Saturday, March 21, 2009

Night of Debauchery Could Shed Light Upon Selection Process???


In a shocking development, rumors of impropriety have been given new life as a member of The Floaters (losers of the Play-In game) observed Coaches Mark Ewing and Tony Signore in a drinking establishment lending credence to a passerby (sorta looked like Christine McVie of Fleetwood Mac) who (female in nature) glanced down at the various sheets and tables they had displayed in front of them, pulled out a pen (from some unknown and as yet un-revealed location) and wrote down the name "Juice Newton".

Ewing was overheard saying something to the effect that "We'll HAVE to ensure she (Juice) gets selected for next year's tourney. Give me some more pretzels, will ya, Tony?" Signore, upon observing they were the only ones in the establishment at the time, started hurling peanut shells at Ewing; all the time wagging his finger at him and proclaiming "There Pretzels ARE making me thirsty!"

Ewing tried to defuse the situation by ignoring Signore, which only seemed to invigorate him. Thrusting an empty glass into the air as if it were a sword, Signore proclaimed "WOLVERINES!", then quickly started gathering up as many peanut packets and potato chip bags as he could carry, and built a make-shift bunker next to the juke box.

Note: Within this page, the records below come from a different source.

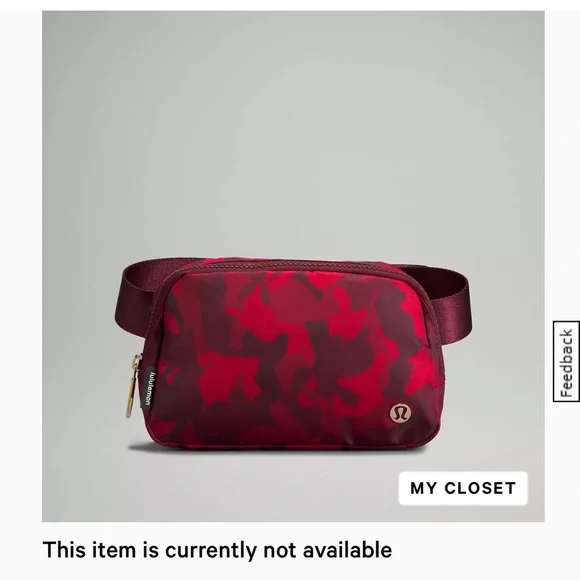 NWT Lululemon New Year Everywhere Belt Bag Rabbit All Over Print Red Mul…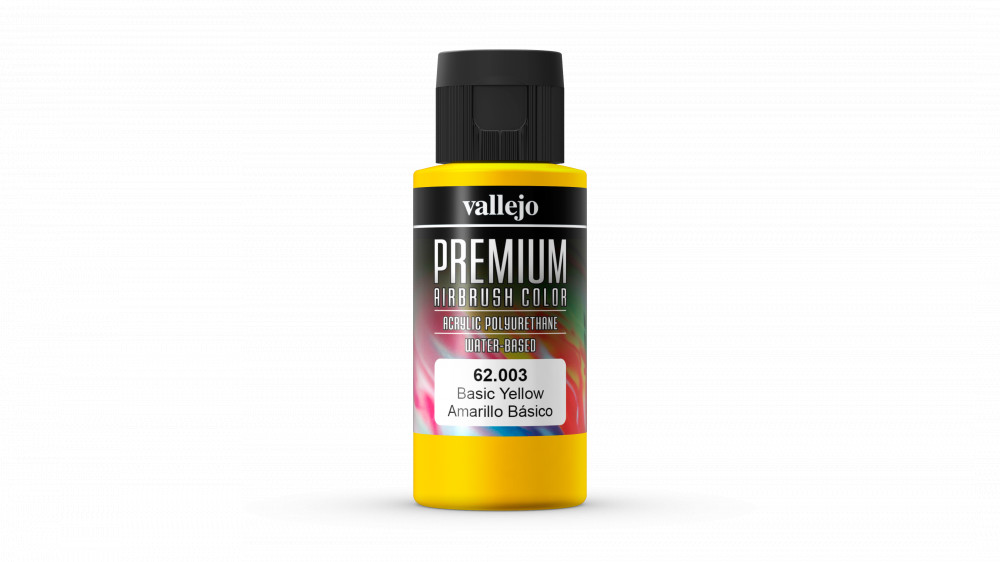62003 Premium Color - Opaque Basic Yellow 60 ml.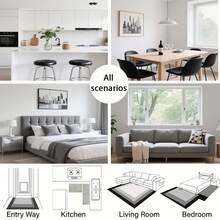 1 قطعة سجادة حمام مضادة للانزلاق بنمط ورقة الدولار، سجادة أرضية للحمام، سجادة غرفة النوم والمعيشة، سجادة ممر الحمام وغرفة النوم والشرفة، ديكور منزلي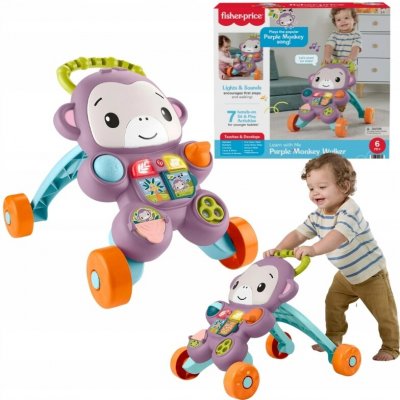 Fisher Price Fialová Opice Chodítko interaktivní odrážedlo – Zboží Dáma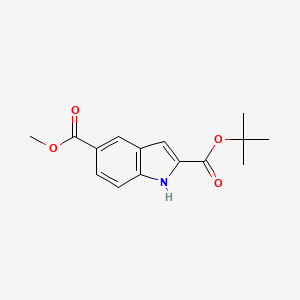 2-(tert-Butyl)5-methyl1H-indole-2,5-dicarboxylate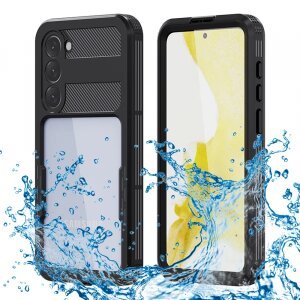 Husa Waterproof pentru Samsung Galaxy S23+ S916, ShellBox, Neagra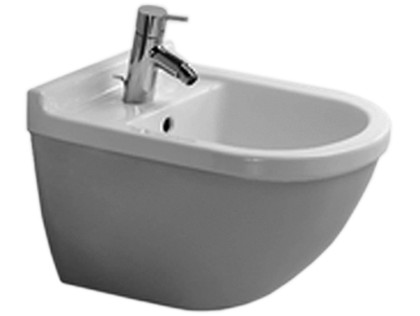 Wandbidet STARCK 3 54/36cm 1 HL/o.Ö./m.ÜL.weiss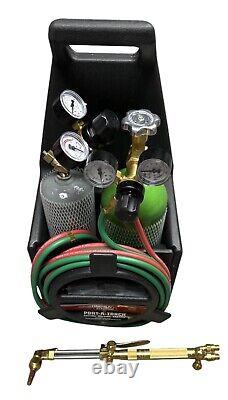 Lincoln Electric KH990 Port-A-Torch Kit with Oxy-Acetylene Tanks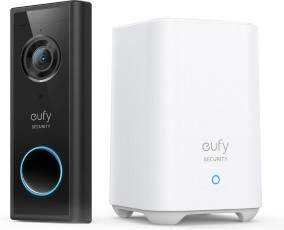 Eufy Security, Draadloze Video Deurbel met accu, 2K HD resolutie, AI detectie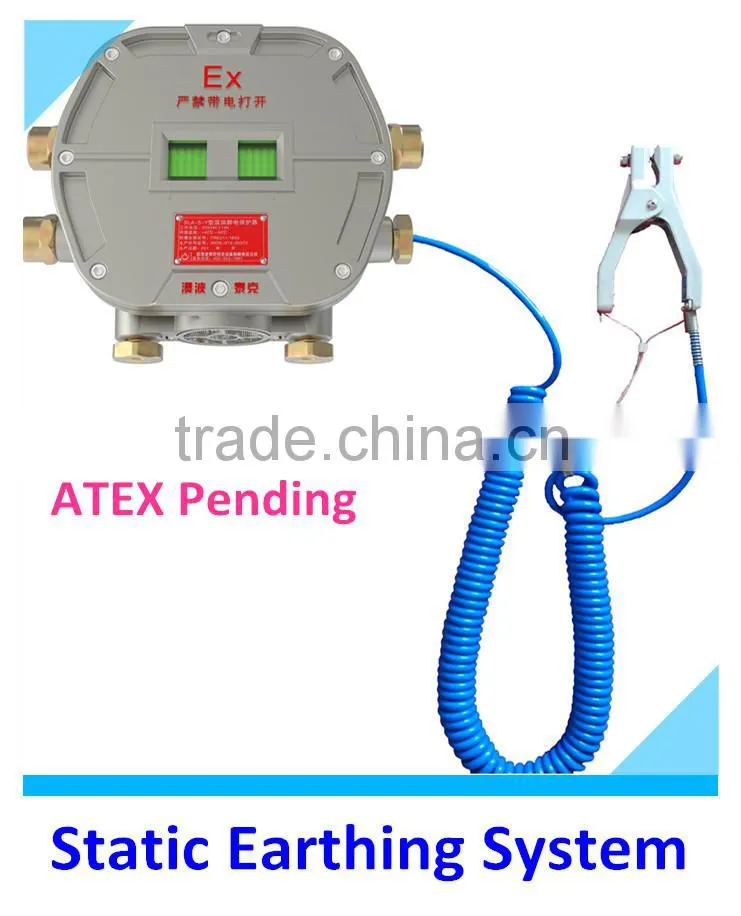 Vehicle Static Earthing System for tank truck Ground Detector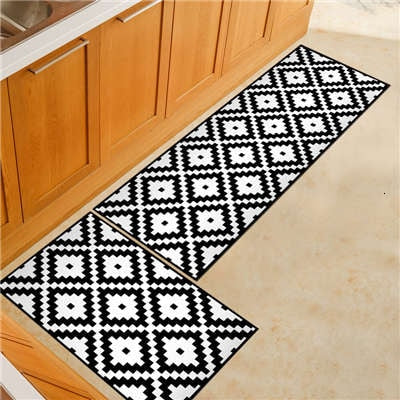 Geometric Kitchen Carpet Floor Mat Rugs Polyester Fiber Printed Home Decorative Anti-Slip Hallway Door Mats Entrance Doormat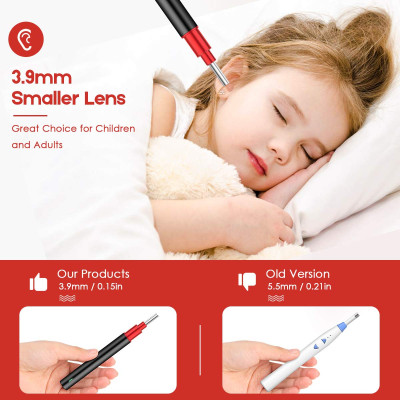 Dụng Cụ Lấy Ráy Tai Thông Minh Cảm Biến Bebird Camera Nội Soi Không Dây WiFi 6 Đèn LED và HD 1080P 2Megapixels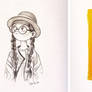 gouache girl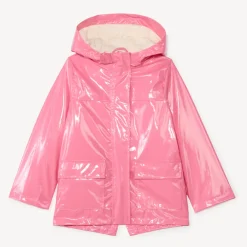 Parka gomme à capuche iridescente pour fille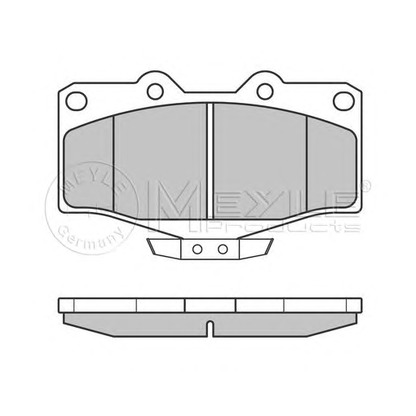 Photo Brake Pad Set, disc brake MEYLE 0252167915W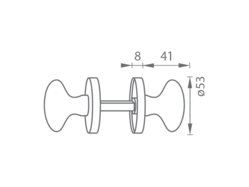 Gule priame na rozetách Bronzový Ghidini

As Ewing's stormtroopers arrived to "maintain the peace" (as Ewing words it), Ewing, thinking a little music could soothe the situation, inserted a dollar bill into the juke box, which randomly started playing "Jukebox Hero" Upon hearing the opening chords, Signore lept from his hiding spot, and in an imitation of a Edvard Much painting, started screaming.

Eventually the Stormtroopers were able to "establish order", by guaranteeing Signore that "the ambassador had been found." Signore, unaware of what that meant, lowered his guard, and one of the troopers were able to use a blackjack to full-effect.

Music Star Wars 2009 stock was up 3.9% as word of the incident reached the NASDAQ floor.